I was lucky enough to study with Michael Shurtleff for 2 years when I was acting in NYC, in the 80’s. In my opinion, this book solidifies in very simple terms the choices an actor must make in order to create a believable character. What’s so beautiful about this, is it enables you to make those choices in the few minutes you have before you step into an audition.
This review is from Amazon.com:
Whether one is an actor, director, writer or teacher, Shurtleff’s book is simply a critical must read. Shurtleff who spent many years as a top casting director possessed an absolute love for the brave souls who dare to place themselves on the stage. His ultimate legacy to his beloved craft is this indispensable “How To” bible.
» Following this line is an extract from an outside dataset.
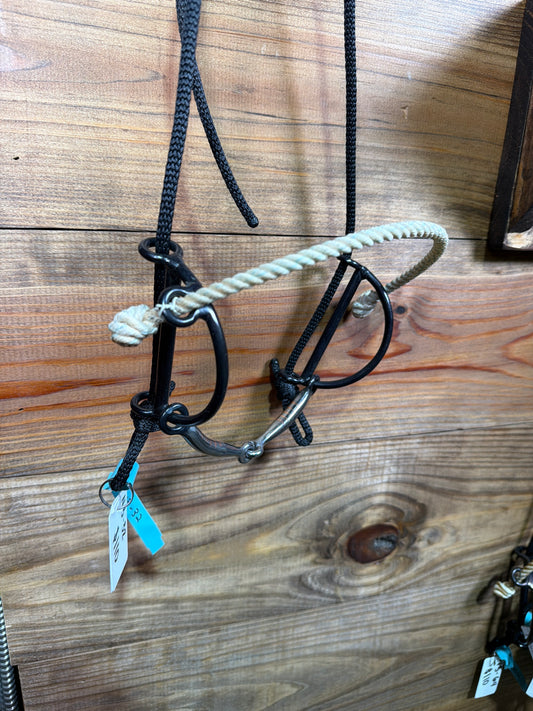 N3-32 Dutton 2 Piece Smooth Snaffle Combo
Much has been written already about his twelve guideposts, and I have nothing new to add to those already glowing (and well deserved) comments. What I did find most illuminative and refreshing is his comments on how to behave at the job interview. It is in this chapter that this book becomes helpful to even the non actor. In this chapter/section, Shurtleff urges all people to realize that ultimately the pressure in the job interview is on the employer and that a good prospect will immediately put the interview board at ease. All too often actors become so self centered and fail to realize that their performance is really about their audience, not them. The same is true therefore of the job interview. It is about the employer, not the employee.
As a teacher, Audition has been most helpful to me as it has provided objective certainty to an area filled with far too many subjective judgements. In other words, Shurtleff has helped define the skills and tasks necessary to train actors in a manner that will help them transition successfully from the educational venue to the professional market. He has given us clear, active objectives to teach toward.
In Audition, Shurtleff articulates what constitutes good, effective acting. Once that becomes defined clearly, then success becomes not a nebulous ideal, but rather a concrete proposition.
If this is not in your theatre library, it is time you add it now.